Let me describe a natural straightforward generalization of Chris Wutrich's counterexample.

Let $B$ be a $g$-dimensional abelian variety over a field $k$ and assume that $End_k(B)$ is a principal ideal domain. Let $A$ be another abelian variety over $k$ that is not $k$-isomorphic to $B$ but $k$-isogenous to it. Then the group $Hom_k(A,B)$ becomes a free $End_k(B)$-module of rank 1. This means that there exists a (generator) isogeny $\lambda:A \to B$ such that every $k$-homomorphism $v: A\to B$ is a composition $u\lambda$ of $\lambda$ and a certain $u \in End_k(B)$. In particular, $ker(v)$ always contains $\ker(\lambda)$. Since $A$ and $B$ are not isomorphic over $k$, the isogeny $\lambda$ is not an isomorphism and therefore $H:=ker(\lambda)\subset A$ is nontrivial but is killed by every $k$-homomorphism from $A$ to $B$.
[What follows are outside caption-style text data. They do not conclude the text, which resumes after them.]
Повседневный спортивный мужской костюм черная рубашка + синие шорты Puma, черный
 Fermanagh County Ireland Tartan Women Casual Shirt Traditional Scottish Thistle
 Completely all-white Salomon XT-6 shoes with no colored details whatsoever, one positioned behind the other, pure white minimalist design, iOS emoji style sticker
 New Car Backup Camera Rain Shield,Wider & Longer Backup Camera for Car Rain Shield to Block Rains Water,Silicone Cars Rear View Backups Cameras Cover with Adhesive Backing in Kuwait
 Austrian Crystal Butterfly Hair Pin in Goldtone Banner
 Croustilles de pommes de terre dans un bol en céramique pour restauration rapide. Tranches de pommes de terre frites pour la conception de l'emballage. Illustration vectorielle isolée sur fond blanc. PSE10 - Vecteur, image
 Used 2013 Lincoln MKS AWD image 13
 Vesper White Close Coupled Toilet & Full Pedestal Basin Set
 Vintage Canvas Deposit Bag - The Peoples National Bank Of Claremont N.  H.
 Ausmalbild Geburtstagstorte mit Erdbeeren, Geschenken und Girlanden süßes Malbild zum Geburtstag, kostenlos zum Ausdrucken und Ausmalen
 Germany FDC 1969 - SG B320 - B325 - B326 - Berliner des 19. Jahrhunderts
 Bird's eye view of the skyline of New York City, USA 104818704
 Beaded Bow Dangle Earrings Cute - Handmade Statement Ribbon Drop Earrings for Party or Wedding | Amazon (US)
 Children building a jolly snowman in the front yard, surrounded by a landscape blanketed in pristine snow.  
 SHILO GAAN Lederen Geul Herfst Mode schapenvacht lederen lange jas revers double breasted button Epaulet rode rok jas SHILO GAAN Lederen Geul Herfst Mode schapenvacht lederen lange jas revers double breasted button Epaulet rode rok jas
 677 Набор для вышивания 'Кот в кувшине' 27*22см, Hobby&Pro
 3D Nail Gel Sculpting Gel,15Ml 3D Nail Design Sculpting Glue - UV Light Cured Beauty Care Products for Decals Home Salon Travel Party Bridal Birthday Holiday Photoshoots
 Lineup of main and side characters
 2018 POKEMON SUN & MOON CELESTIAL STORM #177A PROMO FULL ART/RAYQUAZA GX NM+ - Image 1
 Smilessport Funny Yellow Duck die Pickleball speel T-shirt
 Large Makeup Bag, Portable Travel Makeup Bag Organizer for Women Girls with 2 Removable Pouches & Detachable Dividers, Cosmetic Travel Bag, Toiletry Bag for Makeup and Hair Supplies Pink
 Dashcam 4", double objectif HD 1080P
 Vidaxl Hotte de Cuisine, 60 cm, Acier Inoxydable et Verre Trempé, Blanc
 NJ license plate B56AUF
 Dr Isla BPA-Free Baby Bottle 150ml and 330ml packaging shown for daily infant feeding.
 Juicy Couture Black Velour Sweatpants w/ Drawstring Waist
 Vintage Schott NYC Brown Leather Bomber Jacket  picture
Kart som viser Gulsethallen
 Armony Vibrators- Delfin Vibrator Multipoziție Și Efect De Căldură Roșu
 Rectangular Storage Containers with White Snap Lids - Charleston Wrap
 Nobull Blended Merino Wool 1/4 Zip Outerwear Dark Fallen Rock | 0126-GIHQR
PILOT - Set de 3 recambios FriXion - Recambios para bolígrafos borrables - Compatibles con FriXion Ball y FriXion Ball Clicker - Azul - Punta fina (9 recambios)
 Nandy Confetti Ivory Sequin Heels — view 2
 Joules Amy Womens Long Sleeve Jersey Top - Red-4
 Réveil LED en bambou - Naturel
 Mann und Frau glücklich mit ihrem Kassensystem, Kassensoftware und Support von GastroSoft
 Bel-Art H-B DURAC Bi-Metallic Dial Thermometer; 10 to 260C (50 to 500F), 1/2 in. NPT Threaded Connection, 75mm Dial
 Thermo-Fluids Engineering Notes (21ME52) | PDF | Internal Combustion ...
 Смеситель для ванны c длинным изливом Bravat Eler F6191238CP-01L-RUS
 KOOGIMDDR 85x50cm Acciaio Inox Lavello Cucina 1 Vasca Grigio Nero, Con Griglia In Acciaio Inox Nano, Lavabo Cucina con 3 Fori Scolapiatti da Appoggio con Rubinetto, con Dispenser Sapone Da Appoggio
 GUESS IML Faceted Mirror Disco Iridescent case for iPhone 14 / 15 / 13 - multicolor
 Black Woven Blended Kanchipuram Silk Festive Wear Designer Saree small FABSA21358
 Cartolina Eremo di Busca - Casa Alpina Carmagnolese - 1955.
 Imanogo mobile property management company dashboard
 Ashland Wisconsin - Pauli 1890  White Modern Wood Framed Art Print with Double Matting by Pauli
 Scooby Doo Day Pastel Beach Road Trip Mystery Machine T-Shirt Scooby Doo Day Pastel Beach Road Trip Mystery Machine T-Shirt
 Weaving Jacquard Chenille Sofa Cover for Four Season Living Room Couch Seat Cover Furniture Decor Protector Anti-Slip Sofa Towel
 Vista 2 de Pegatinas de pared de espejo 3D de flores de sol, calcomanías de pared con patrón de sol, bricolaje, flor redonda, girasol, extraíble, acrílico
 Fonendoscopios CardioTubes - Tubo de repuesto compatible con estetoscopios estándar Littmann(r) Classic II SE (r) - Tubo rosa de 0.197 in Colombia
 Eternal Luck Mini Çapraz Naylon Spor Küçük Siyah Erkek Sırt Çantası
In order to construct explicit examples (over finite fields) pick any imaginary quadratic field $K$ of discriminant 1 amd let $O$ be the ring of integers in $K$, which is PID. Then for a ``half" of the primes $p$ there exist a finite field $k$ of characteristic $p$ and an ordinary elliptic curve $B$ over $k$ with $End_k(B)=End(B)=O$. Enlarging (if necessary) $k$, we may find an elliptic curve $A$ over $K$ that is not $k$-isomorphic to $A$ but $k$-isogenous to it. For example, if a prime $\ell$ is different from $p$ and inert in $O$ then we may pick a cyclic order $\ell$ subgroup $C$ in $B(k)$ (enlarging $k$ if necessary) and put $A=B/C$. Then the cyclic order $\ell$ subgroup $H=B_{\ell}/C\subset A$ is killed by every homomorphism $A \to B$.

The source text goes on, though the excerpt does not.